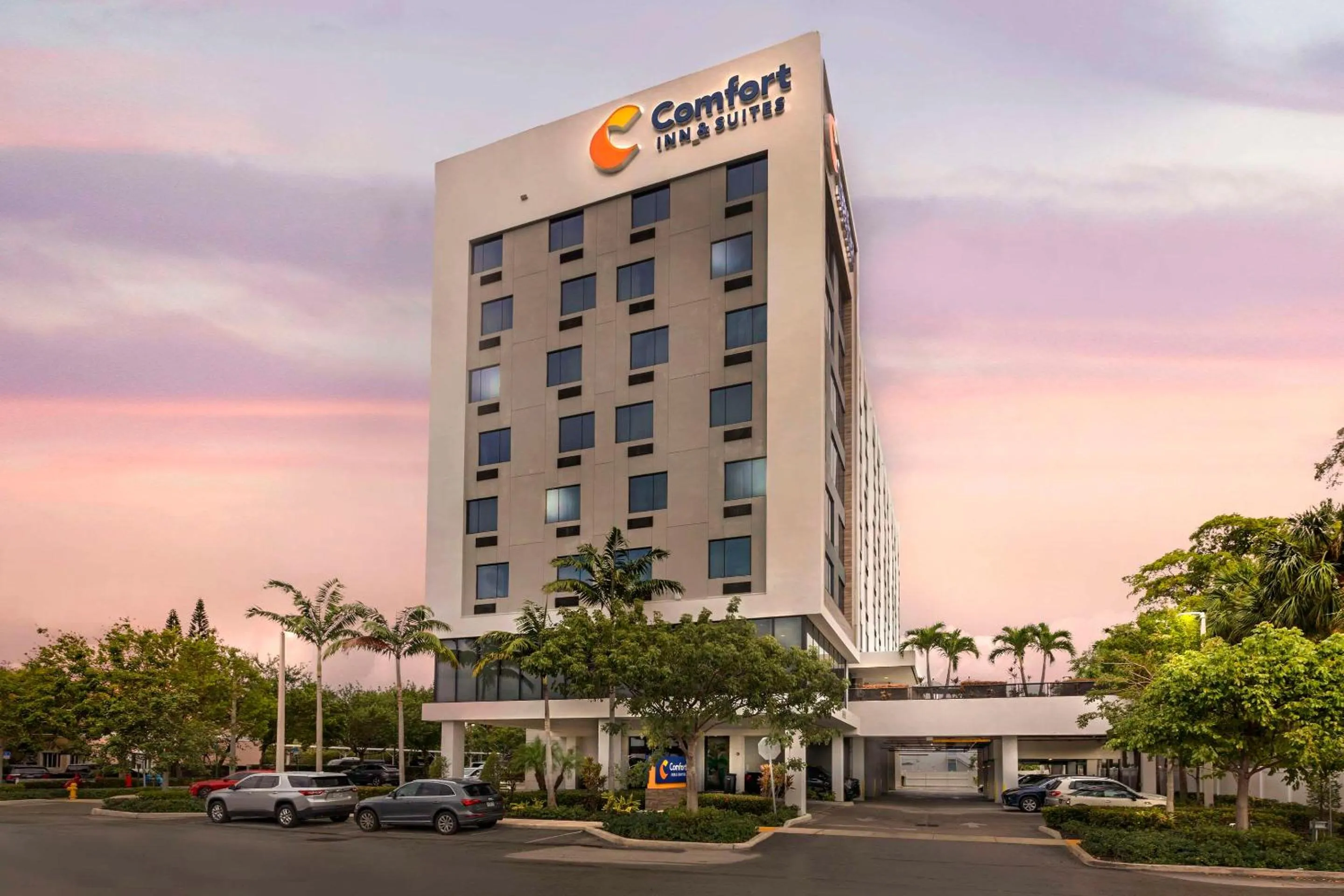 Property building in Comfort Inn & Suites Miami International Airport
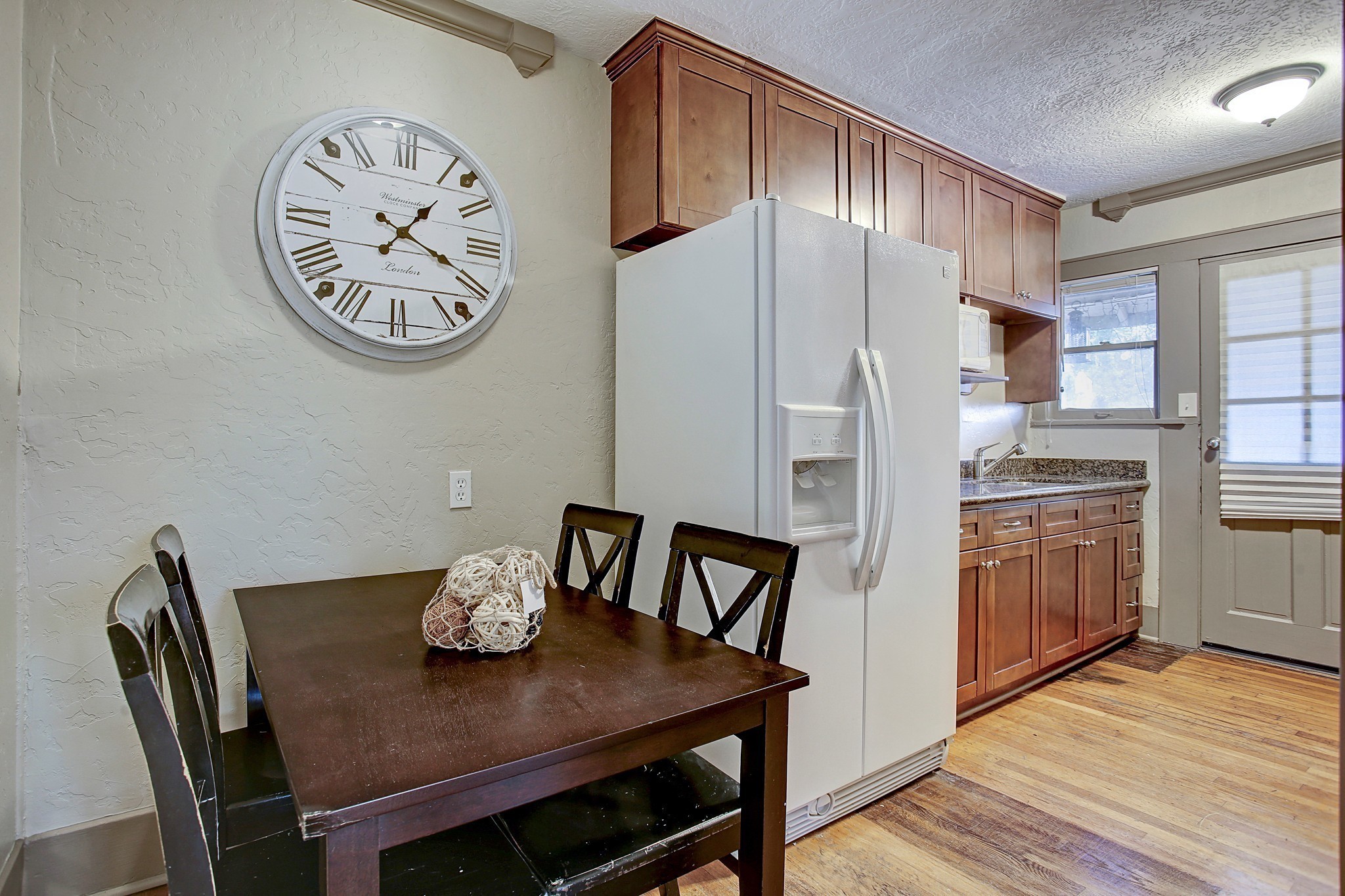 2323 Park Street 3 Property Photo 6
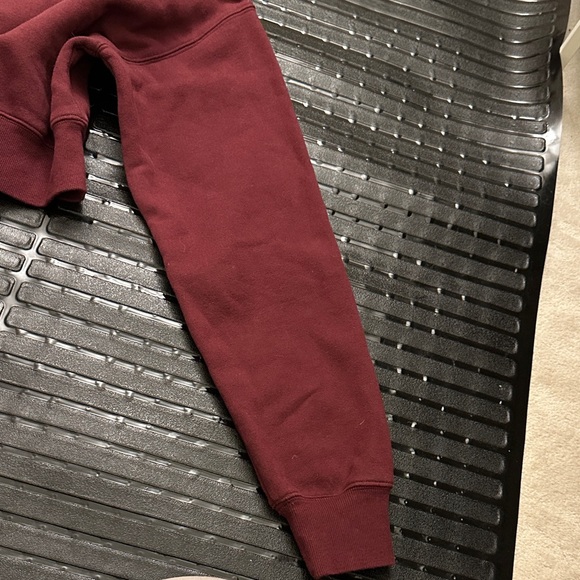 Aritzia Maroon Half-Zip Cropped Sweatshirt - Picture 7 of 10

- About this task -
Copy all of the data word for word, and keep the pictures out of it.

- Task result -
 Property building in Comfort Inn & Suites Miami International Airport
 2323 Park Street 3 Property Photo 6
 Aritzia Maroon Half-Zip Cropped Sweatshirt - Picture 7 of 10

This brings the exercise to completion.